(GIVEN MATERIAL)
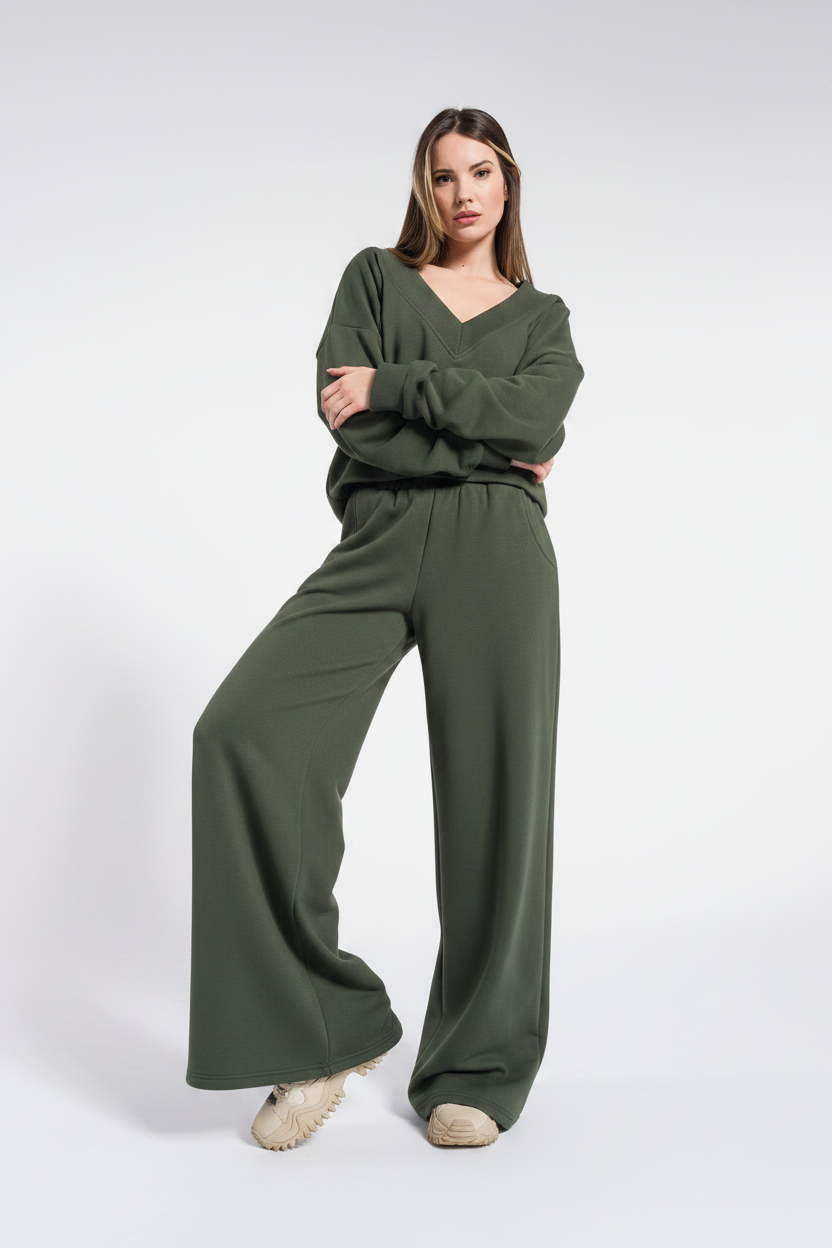 Set aus kurzem Oberteil mit V-Ausschnitt und weit geschnittener Hose, lässiges Baumwoll-Set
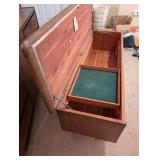 Lane Cedar Chest Bench with Black Cushion Top and Inlay Detail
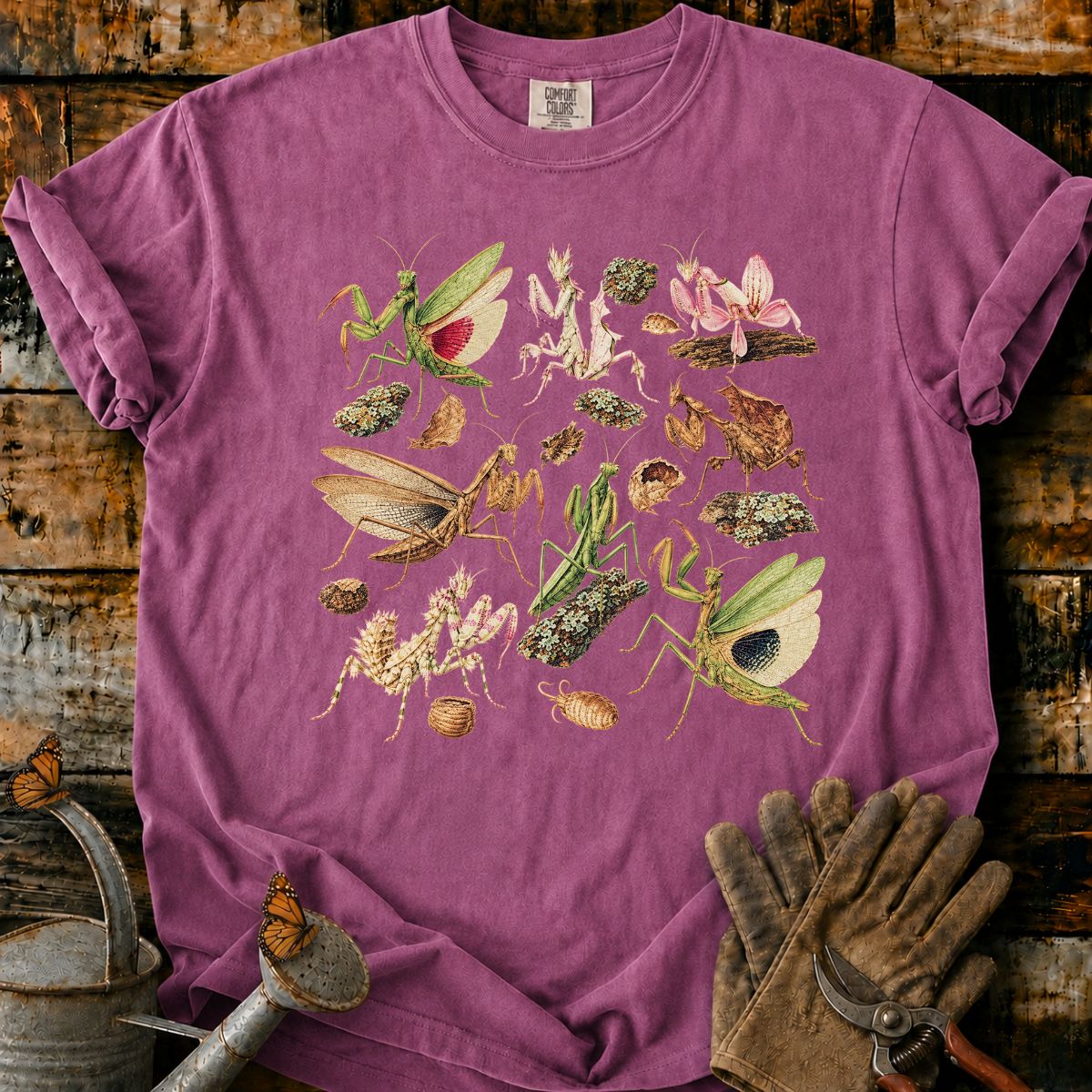 Vintage Mantis Botanical Collage T-Shirt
(End GIVEN MATERIAL)
» **ABOUT THIS TASK**
What is needed is a word-for-word copy of the data above, free of any images.

» **EXPECTED OUTPUT**
 Set aus kurzem Oberteil mit V-Ausschnitt und weit geschnittener Hose, lässiges Baumwoll-Set
 Lane Cedar Chest Bench with Black Cushion Top and Inlay Detail
 Vintage Mantis Botanical Collage T-Shirt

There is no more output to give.